# Material for the task

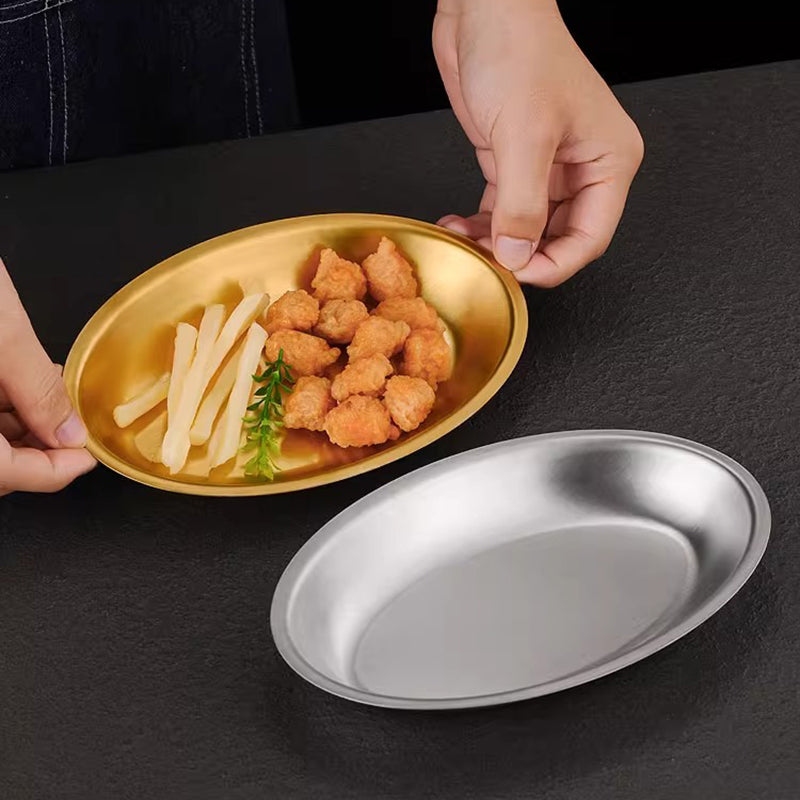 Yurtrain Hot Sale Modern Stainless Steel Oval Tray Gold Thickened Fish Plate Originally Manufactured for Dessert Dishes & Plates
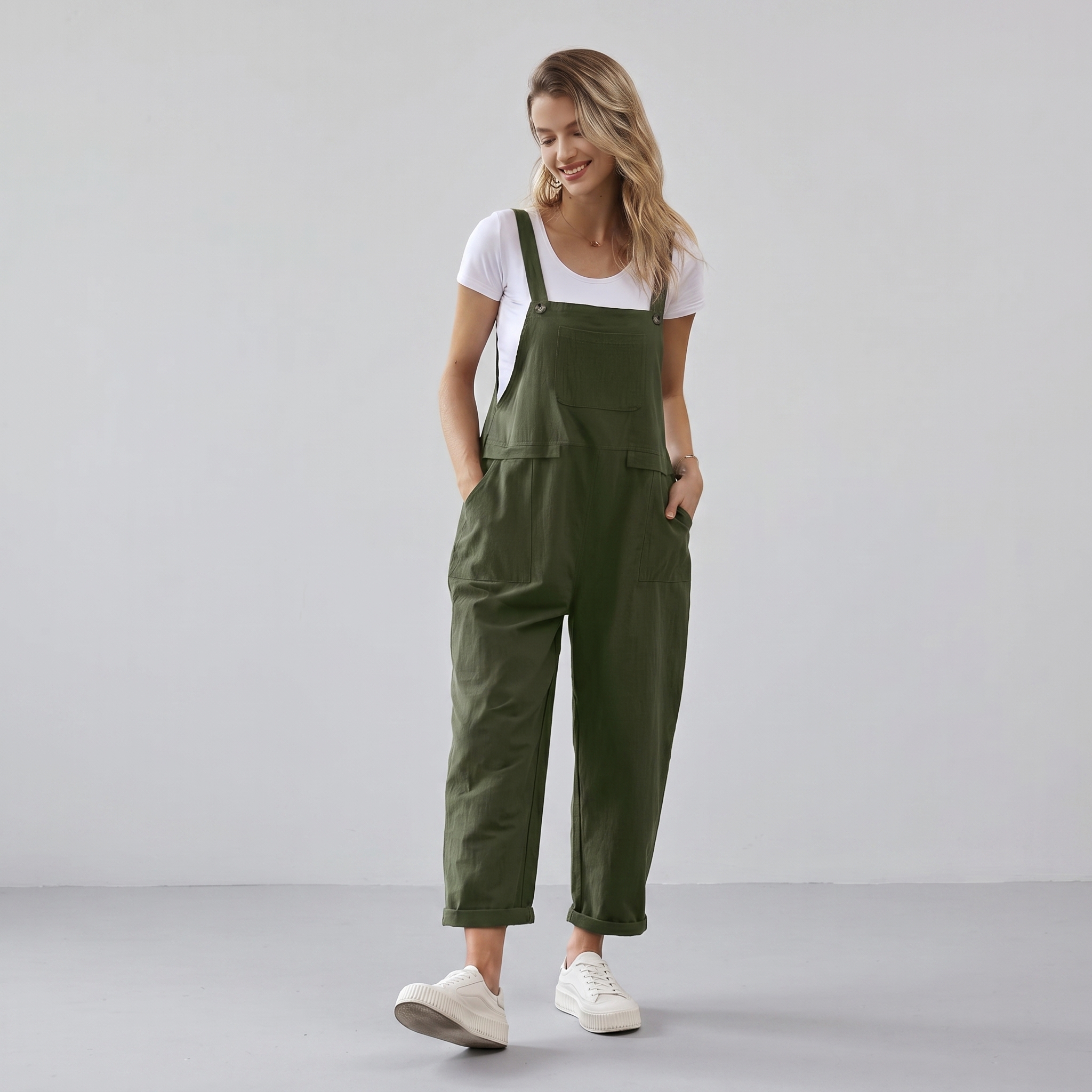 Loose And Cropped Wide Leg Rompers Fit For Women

==

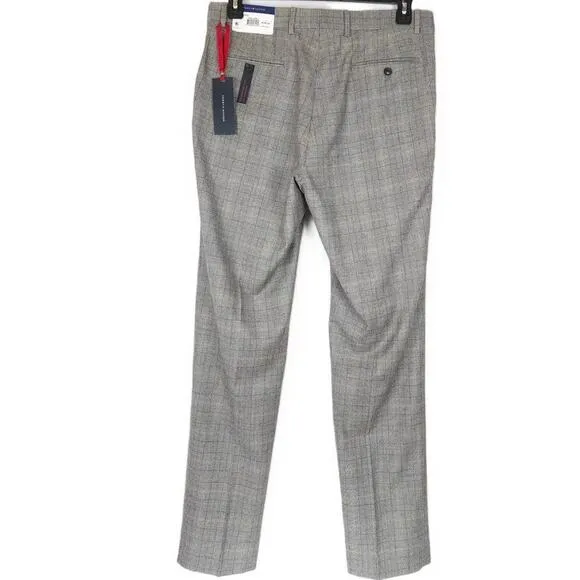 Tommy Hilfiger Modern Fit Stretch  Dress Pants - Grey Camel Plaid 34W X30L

---

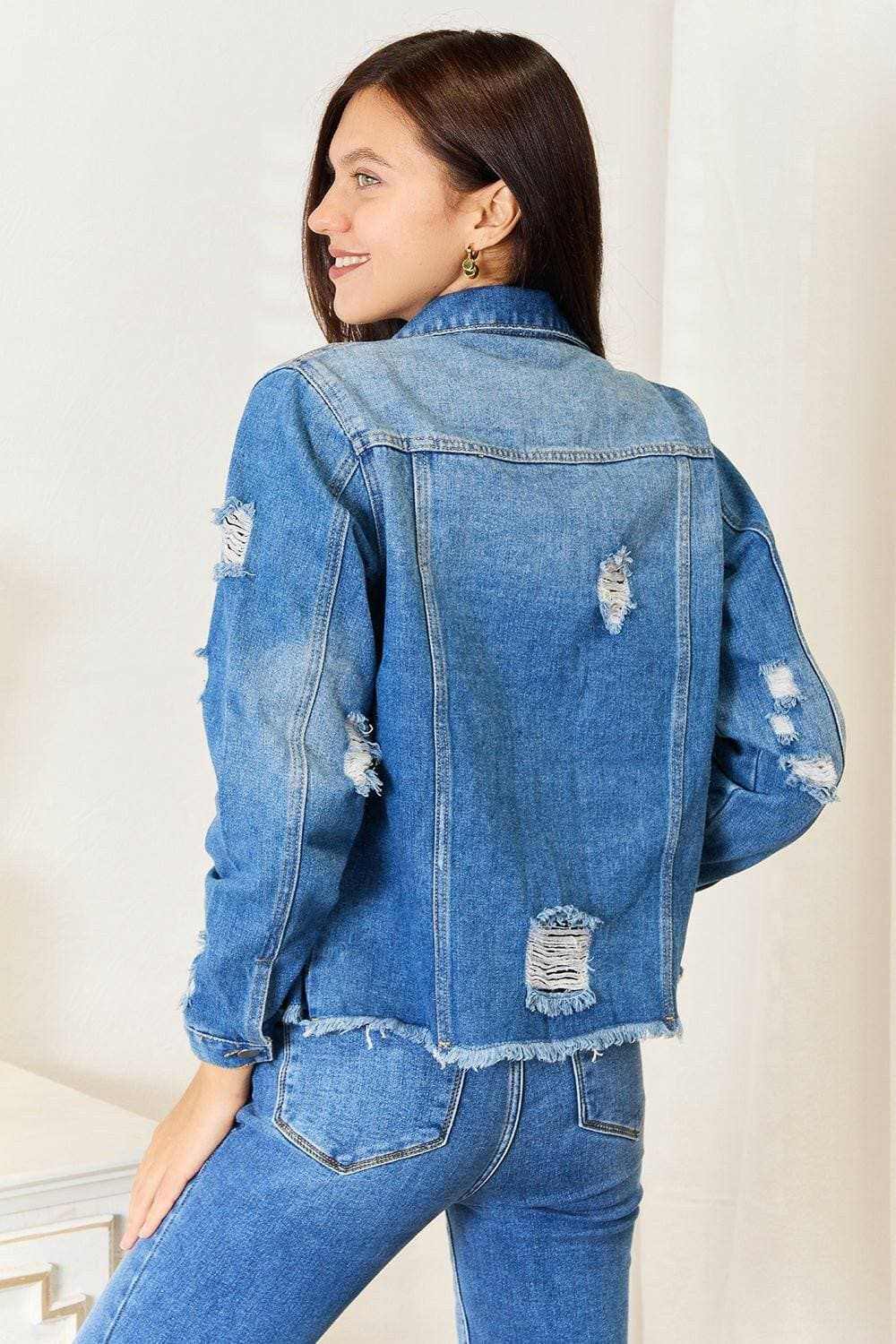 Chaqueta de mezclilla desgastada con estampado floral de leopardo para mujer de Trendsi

# Assignment
Return exactly the stretch above whose first line contains "Yurtrain Hot Sale" and whose last line contains "Loose And Cropped", and nothing outside it. The pictures should not appear.

# Output
 Yurtrain Hot Sale Modern Stainless Steel Oval Tray Gold Thickened Fish Plate Originally Manufactured for Dessert Dishes & Plates
 Loose And Cropped Wide Leg Rompers Fit For Women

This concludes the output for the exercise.